__Given data__
╔══
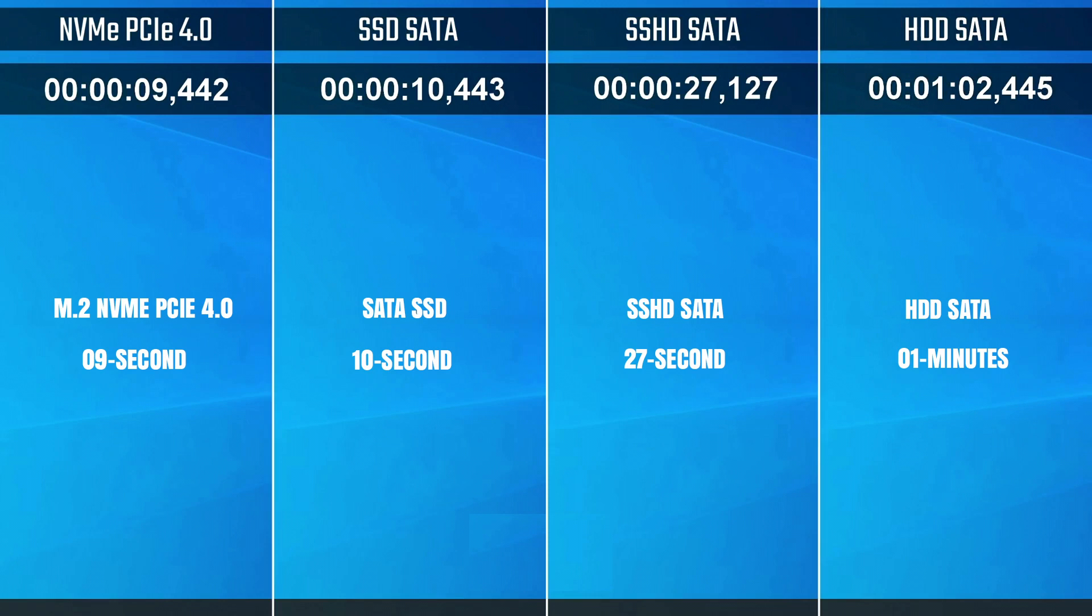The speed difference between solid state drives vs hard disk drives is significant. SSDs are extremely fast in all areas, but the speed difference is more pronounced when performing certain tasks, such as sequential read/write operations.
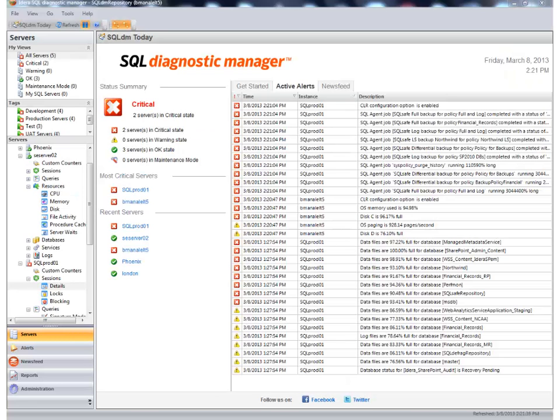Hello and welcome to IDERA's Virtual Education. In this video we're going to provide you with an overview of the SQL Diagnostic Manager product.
╚══
╔══
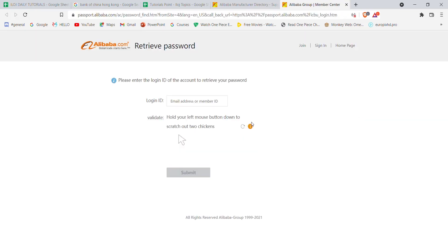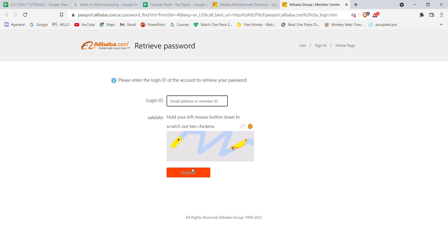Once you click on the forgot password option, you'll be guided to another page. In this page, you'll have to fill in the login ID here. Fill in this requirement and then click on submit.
╚══
╔══
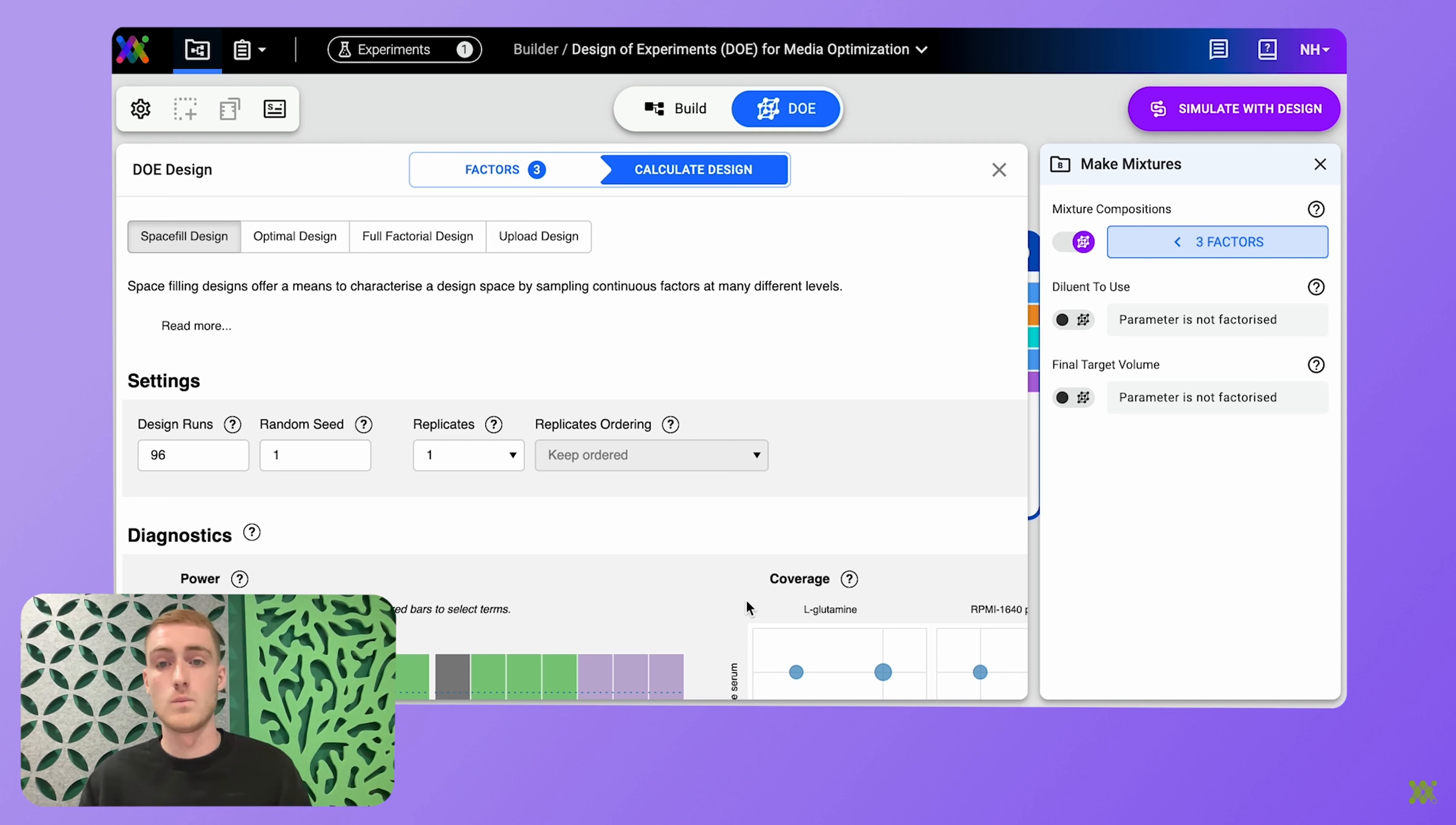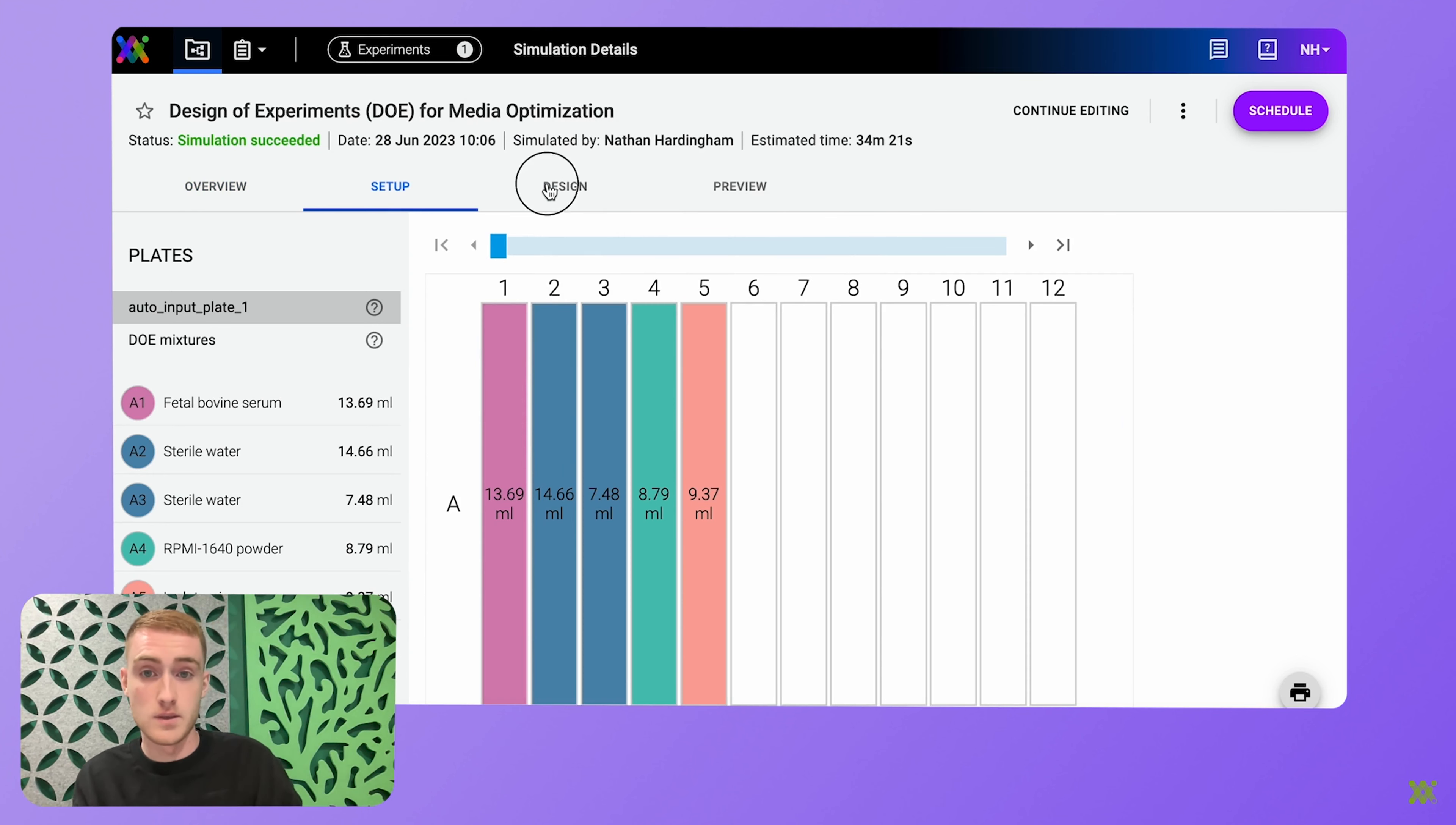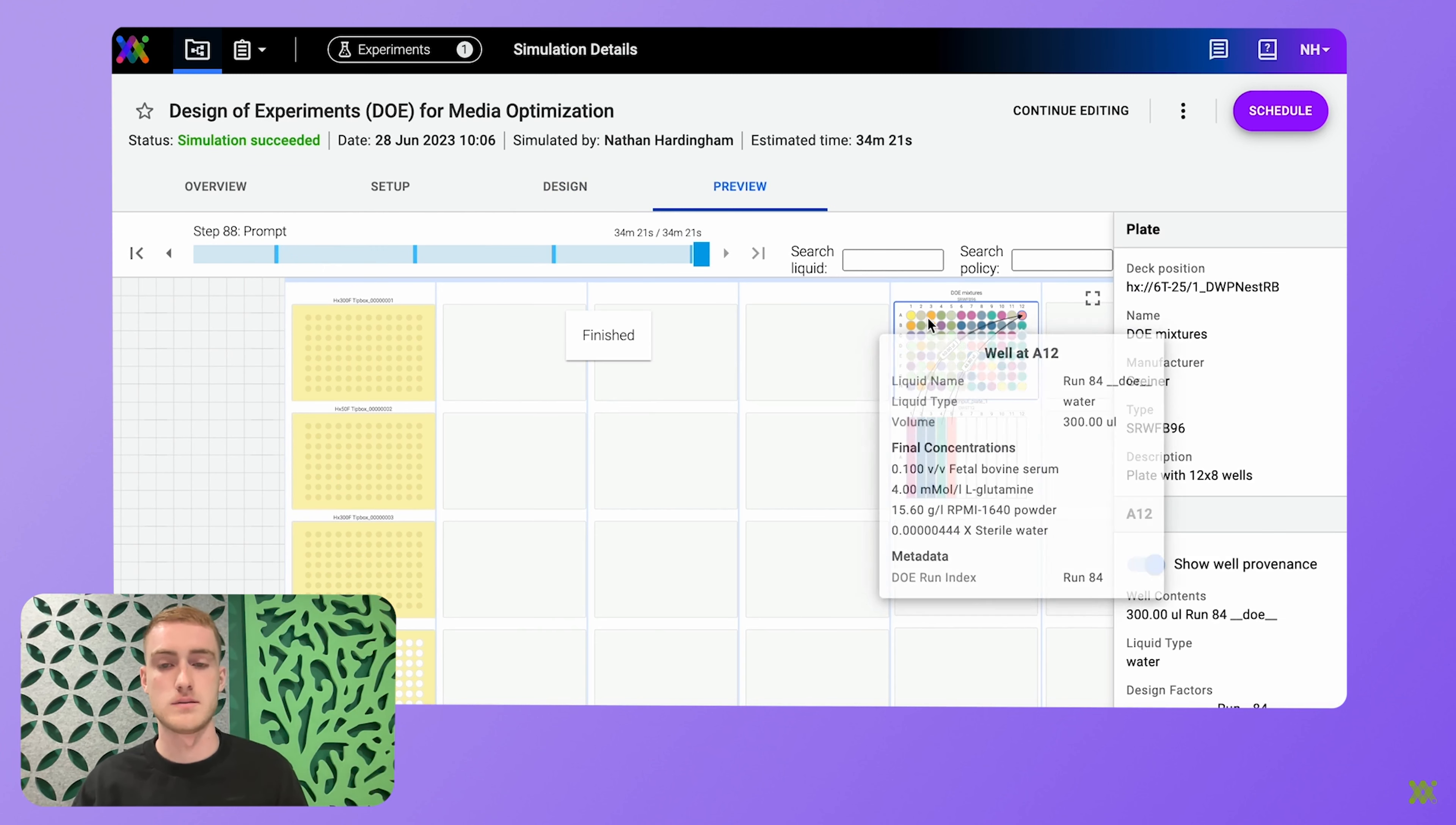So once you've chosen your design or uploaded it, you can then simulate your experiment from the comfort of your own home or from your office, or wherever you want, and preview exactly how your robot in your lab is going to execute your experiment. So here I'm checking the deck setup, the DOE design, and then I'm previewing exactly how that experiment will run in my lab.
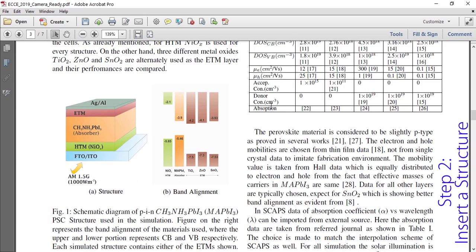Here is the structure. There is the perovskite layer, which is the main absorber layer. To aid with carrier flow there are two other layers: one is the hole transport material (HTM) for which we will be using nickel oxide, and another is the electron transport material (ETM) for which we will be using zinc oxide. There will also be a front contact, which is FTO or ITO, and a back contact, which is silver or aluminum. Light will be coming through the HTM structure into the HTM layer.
╚══
__Your task__
Above, find the line holding "The speed difference between" and the line holding "Hello and welcome". Print exactly those two lines and every line between them, but no pictures.

__Exercise response__
The speed difference between solid state drives vs hard disk drives is significant. SSDs are extremely fast in all areas, but the speed difference is more pronounced when performing certain tasks, such as sequential read/write operations.
Hello and welcome to IDERA's Virtual Education. In this video we're going to provide you with an overview of the SQL Diagnostic Manager product.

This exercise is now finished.